DATA LISTING
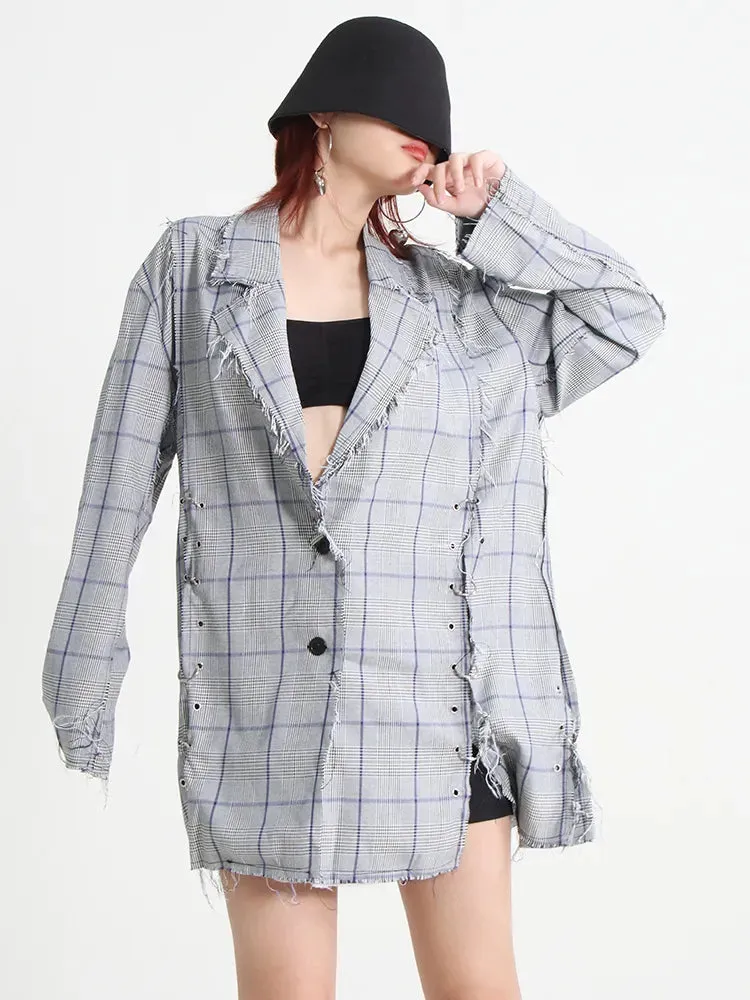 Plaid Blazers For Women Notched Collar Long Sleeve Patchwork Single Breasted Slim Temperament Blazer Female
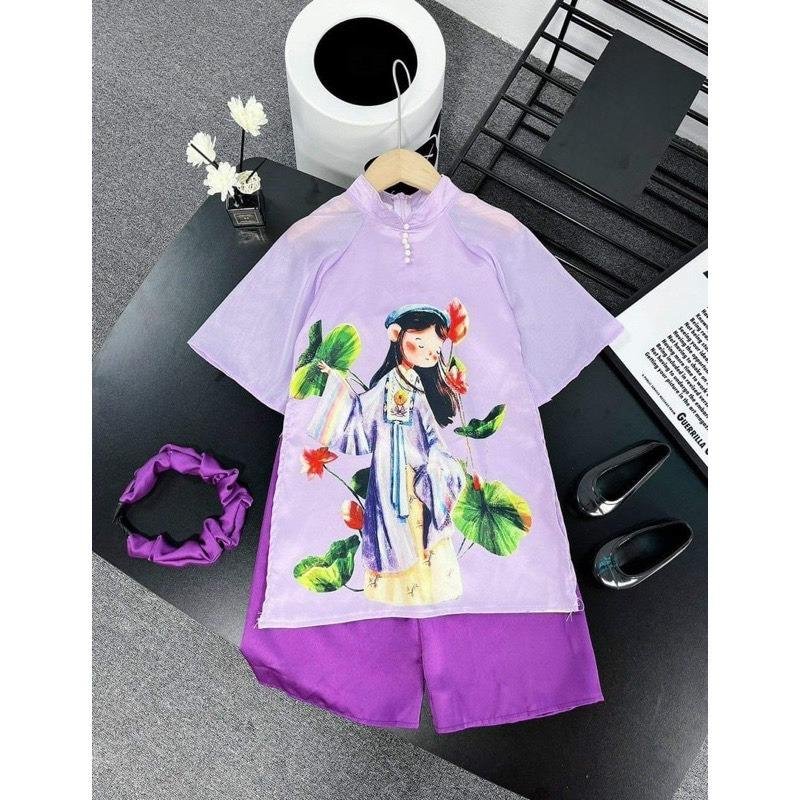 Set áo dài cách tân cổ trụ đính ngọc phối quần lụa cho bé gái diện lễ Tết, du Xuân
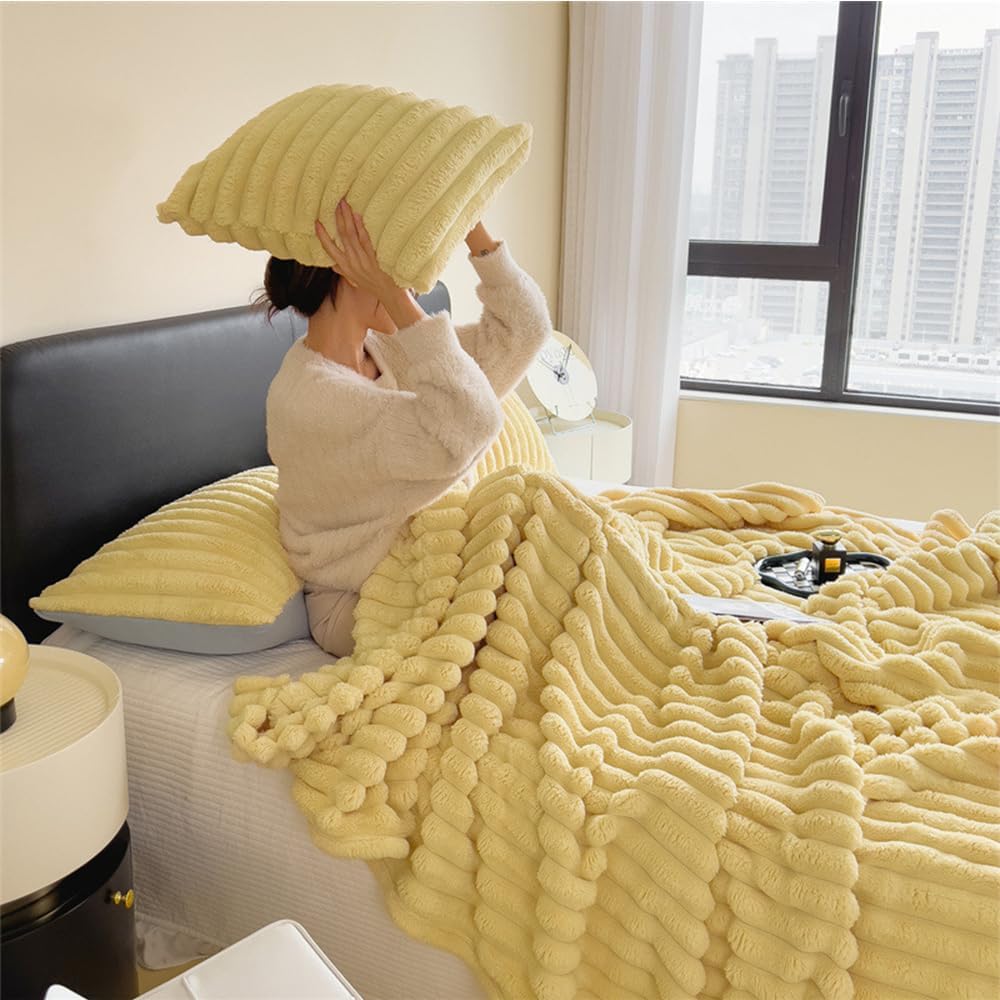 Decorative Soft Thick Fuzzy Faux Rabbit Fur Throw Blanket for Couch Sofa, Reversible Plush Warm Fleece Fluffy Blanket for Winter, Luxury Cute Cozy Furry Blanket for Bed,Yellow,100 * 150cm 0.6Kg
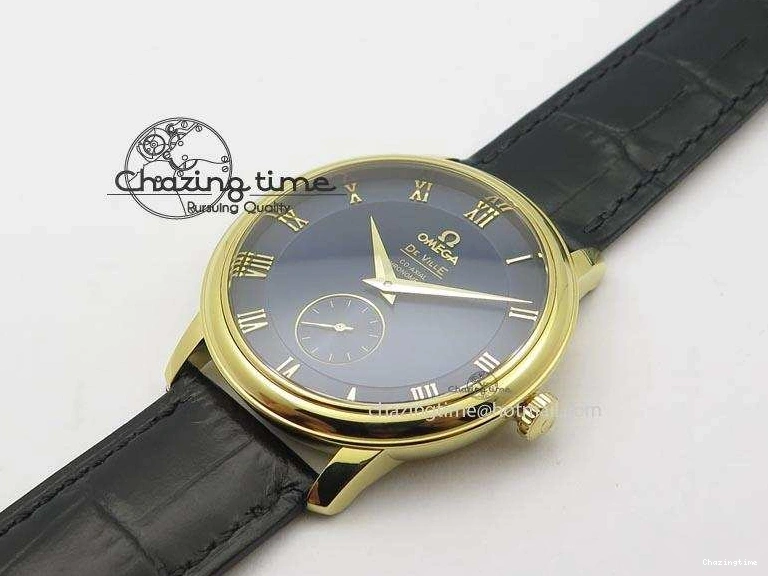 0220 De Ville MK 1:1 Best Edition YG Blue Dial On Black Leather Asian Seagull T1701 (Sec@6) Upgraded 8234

---

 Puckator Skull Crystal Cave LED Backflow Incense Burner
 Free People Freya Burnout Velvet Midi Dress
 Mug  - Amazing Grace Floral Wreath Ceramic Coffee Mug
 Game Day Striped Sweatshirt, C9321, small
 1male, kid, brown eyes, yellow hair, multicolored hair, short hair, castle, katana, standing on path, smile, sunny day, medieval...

TASK INSTRUCTIONS
Copy word for word the lines of the records above from the one with "Plaid Blazers For" up to and including the one with "Set áo dài cách". Skip the pictures.

YOUR SOLUTION
 Plaid Blazers For Women Notched Collar Long Sleeve Patchwork Single Breasted Slim Temperament Blazer Female
 Set áo dài cách tân cổ trụ đính ngọc phối quần lụa cho bé gái diện lễ Tết, du Xuân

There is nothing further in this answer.